Numéro : Vous avez grandi à Clichy-sous-Bois, à quel âge avez-vous rencontré Ladj Ly, le réalisateur des Misérables ?
Djebril Zonga : Nous devions avoir 15 ou 16 ans. Nous étions une toute petite troupe, Ladj faisait déjà partie du collectif Kourtrajmé, et nous nous rencontrions surtout à Clichy-sous-Bois et à Montfermeil, aux Bosquets. Je l’ai revu il y a quatre ans. J’avais déjà commencé à prendre des cours d’art dramatique et je lui ai dit : “Pense à moi si tu as un rôle.” Mais ce n’est pas à moi qu’il pensait au départ en préparant Les Misérables.
En effet, il a expliqué dans la presse qu’il vous trouvait trop beau pour ce rôle de flic.
Il m’a quand même laissé passer le casting et m’a choisi pour le court-métrage qui a été sélectionné aux César. Ensuite, quand il a développé le long-métrage, on lui a proposé de prendre des acteurs plus connus, mais il a refusé. Il a vraiment fait le film qu’il voulait faire.
“C’est génial d’avoir participé à ce film, qui est politique, qui est important… On le compare à La Haine, si on a la même longévité et si ce film marque l’époque, ce sera bien.”
Suivant la méthode de l’Actors Studio, vous êtes-vous imposé une préparation intense avant le long-métrage ?
Je me suis préparé avec un coach. Je voulais changer aussi physiquement, pas pour m’abîmer, mais pour montrer un visage différent de celui de l’ancien mannequin. Je me suis laissé pousser la barbe, j’ai pris du poids, j’ai changé ma coupe de cheveux.
Ladj Ly vous a donc laissé la liberté de créer votre personnage ?
Oui. On a tourné pendant six semaines. En sortant, j’étais assez déçu, j’avais le sentiment d’avoir été trop en retrait, mais quand j’ai vu le résultat, j’ai compris que ma performance participait à l’équilibre du film. Ensuite, il y a eu la sélection à Cannes, et depuis, je vis une aventure humaine exceptionnelle parce que je la partage avec un pote d’enfance, et avec des gens qui sont aussi devenus des potes, Damien [Bonnard] et Alexis [Manenti]. On vit quelque chose d’énorme. C’est génial d’avoir participé à ce film, qui est politique, qui est important… On le compare à La Haine, si on a la même longévité et si ce film marque l’époque, ce sera bien.

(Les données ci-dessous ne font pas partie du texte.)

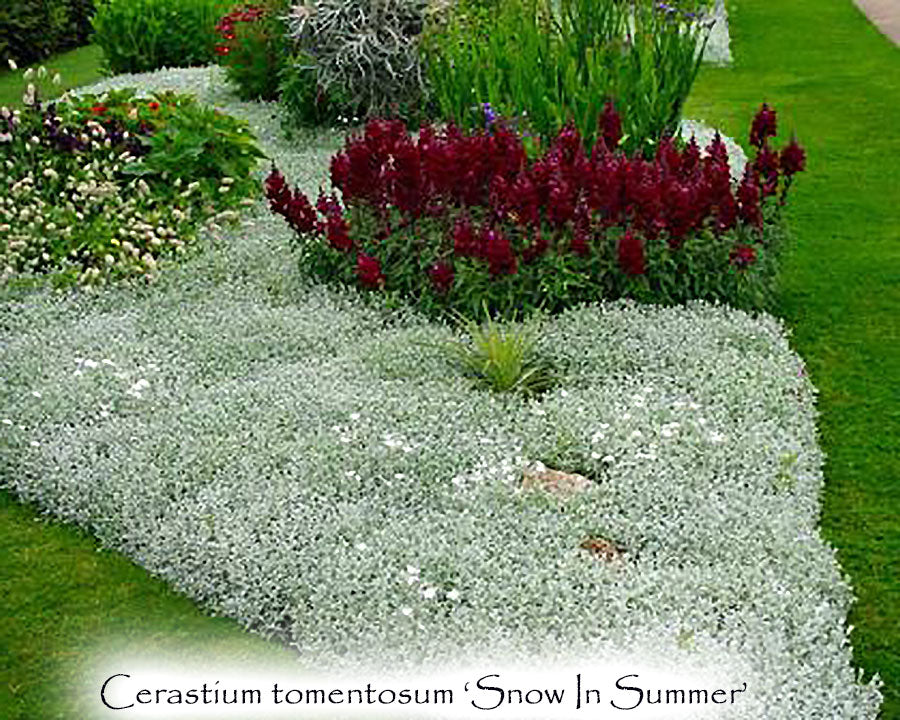Cerastium tomentosum 'Snow In Summer'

Dans quels termes Ladj Ly avait-il évoqué le projet avec vous ?
Pour le long-métrage, il m’a juste dit : “Prépare-toi, travaille ton personnage.” J’ai passé beaucoup de temps en immersion avec un flic. J’ai échangé avec lui. Ça m’a aidé à comprendre le point de vue des policiers : peut-être qu’ils aiment leur métier, qu’ils pensent pouvoir changer les choses, mais ils ne sont pas dans les meilleures conditions pour le faire. Je me suis rendu compte qu’en banlieue, ils sont constamment confrontés à la misère. Et je pense qu’ils ne sont pas assez préparés à tout ce qu’ils vont devoir encaisser. Être flic, c’est devoir peut-être annoncer la mort d’un enfant à sa famille. Ce sont des choses qui marquent. Et le rythme de travail est dingue, la plupart d’entre eux sont souvent à bout de nerfs. Bien sûr, ça ne leur donne pas le droit de tirer au Flash-Ball dans la tête d’un enfant, mais il faut reconnaître que leurs conditions de travail ne les aident pas à être disponibles pour les personnes qu’ils sont censés protéger, car n’oublions pas que leur mission est théoriquement de nous protéger.